Instructions for the task: An exact restatement of all the data is required, with the pictures left out.

Scraped caption text data:
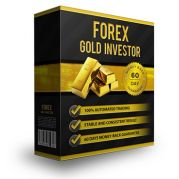 Forex GOLD Investor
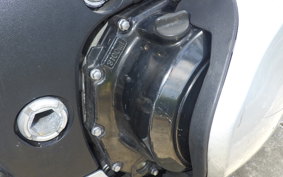 SUZUKI HAYABUSA Gen.2 2008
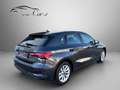 Audi A3 SB 30 TDI S-Tronic *ACC, VIRTUAL, LEDER, SHZ* Grau - thumbnail 7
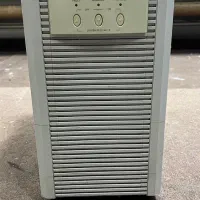 یو پی اس آنلاین 2KVA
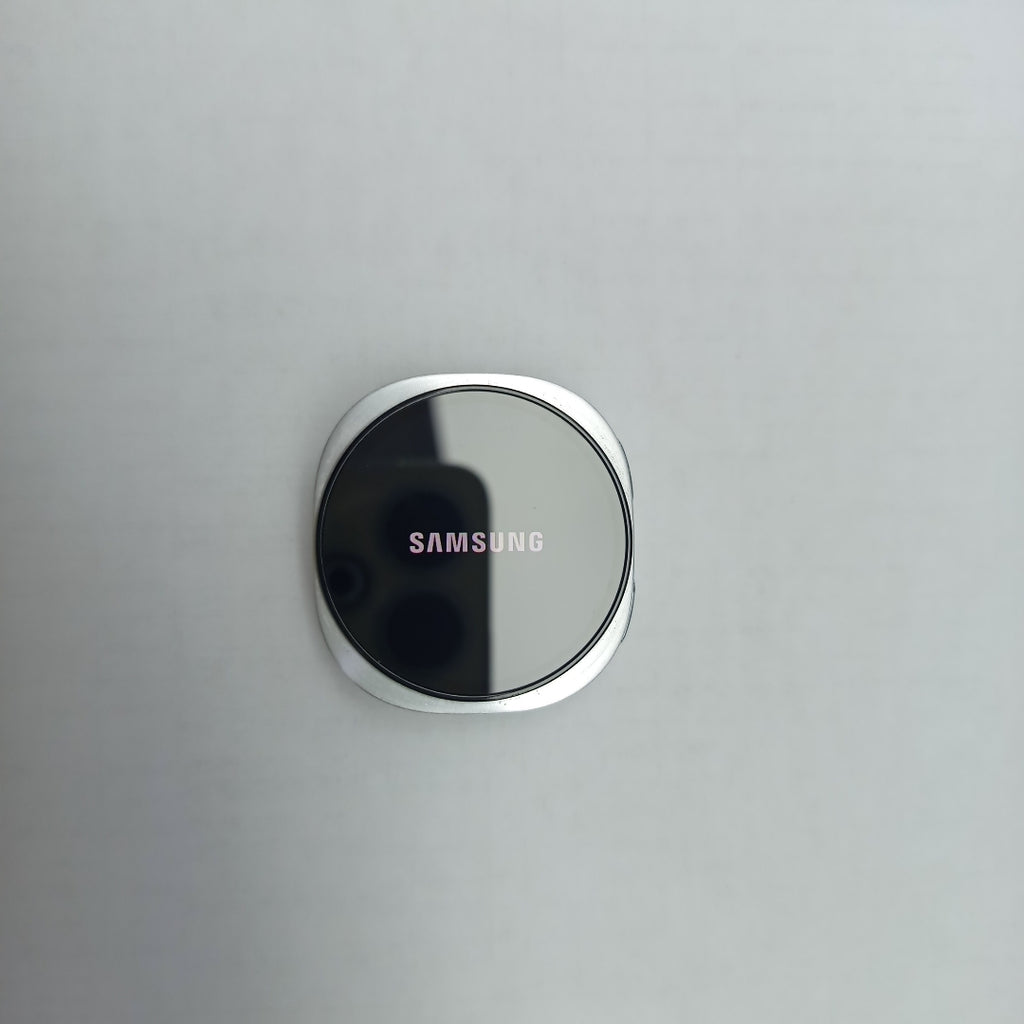SMARTWATCH SAMSUNG GALAXY WATCH 8 SM-L320 40 MM BLUETOOTH (SEMINUEVO)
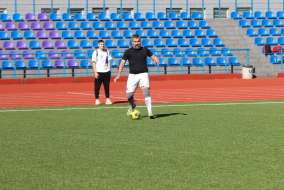 <a href="https://st.getinfootball.com/albums/1078649/6346597ece4a3_1920.jpg" target="_blank">Завантажити оригінал</a>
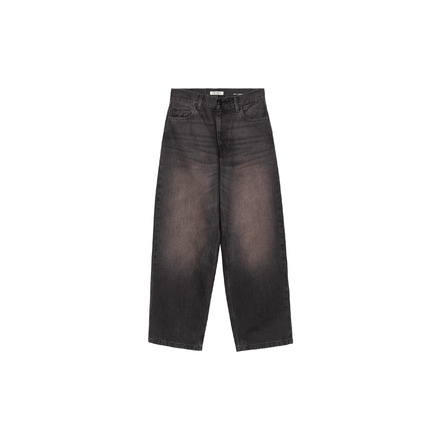 Carhartt Wip jeans noir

Exercise solution:
 Forex GOLD Investor
 SUZUKI HAYABUSA Gen.2 2008
 Audi A3 SB 30 TDI S-Tronic *ACC, VIRTUAL, LEDER, SHZ* Grau - thumbnail 7
 یو پی اس آنلاین 2KVA
SMARTWATCH SAMSUNG GALAXY WATCH 8 SM-L320 40 MM BLUETOOTH (SEMINUEVO)
 <a href="https://st.getinfootball.com/albums/1078649/6346597ece4a3_1920.jpg" target="_blank">Завантажити оригінал</a>
 Carhartt Wip jeans noir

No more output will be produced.